-- EXTRACTED DATA --
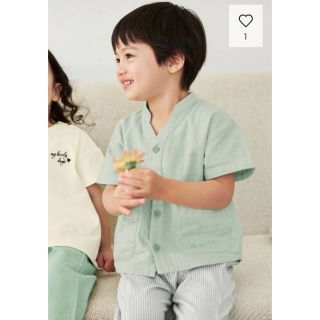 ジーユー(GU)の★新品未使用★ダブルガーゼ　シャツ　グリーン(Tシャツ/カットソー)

---

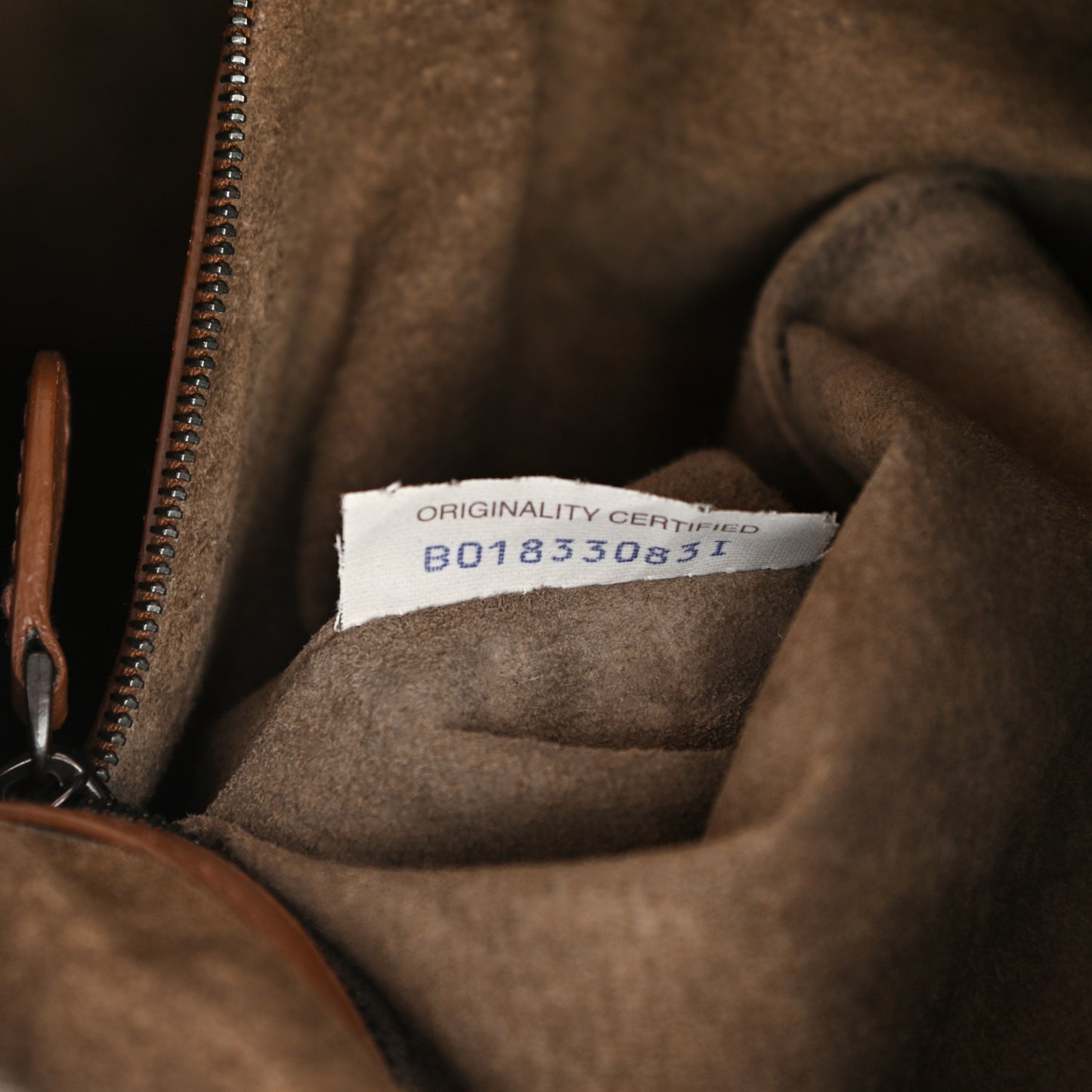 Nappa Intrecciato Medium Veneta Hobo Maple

==

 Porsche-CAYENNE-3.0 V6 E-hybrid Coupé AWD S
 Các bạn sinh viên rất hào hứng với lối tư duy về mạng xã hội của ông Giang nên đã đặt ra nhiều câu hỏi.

-- TASK TO CARRY OUT --
Given the records above, restate word for word only the lines starting at the one with "Porsche-CAYENNE-3.0 V6 E-hybrid Coupé AWD S" and ending at the one with "Các bạn sinh".

-- SOLVED EXERCISE --
 Porsche-CAYENNE-3.0 V6 E-hybrid Coupé AWD S
 Các bạn sinh viên rất hào hứng với lối tư duy về mạng xã hội của ông Giang nên đã đặt ra nhiều câu hỏi.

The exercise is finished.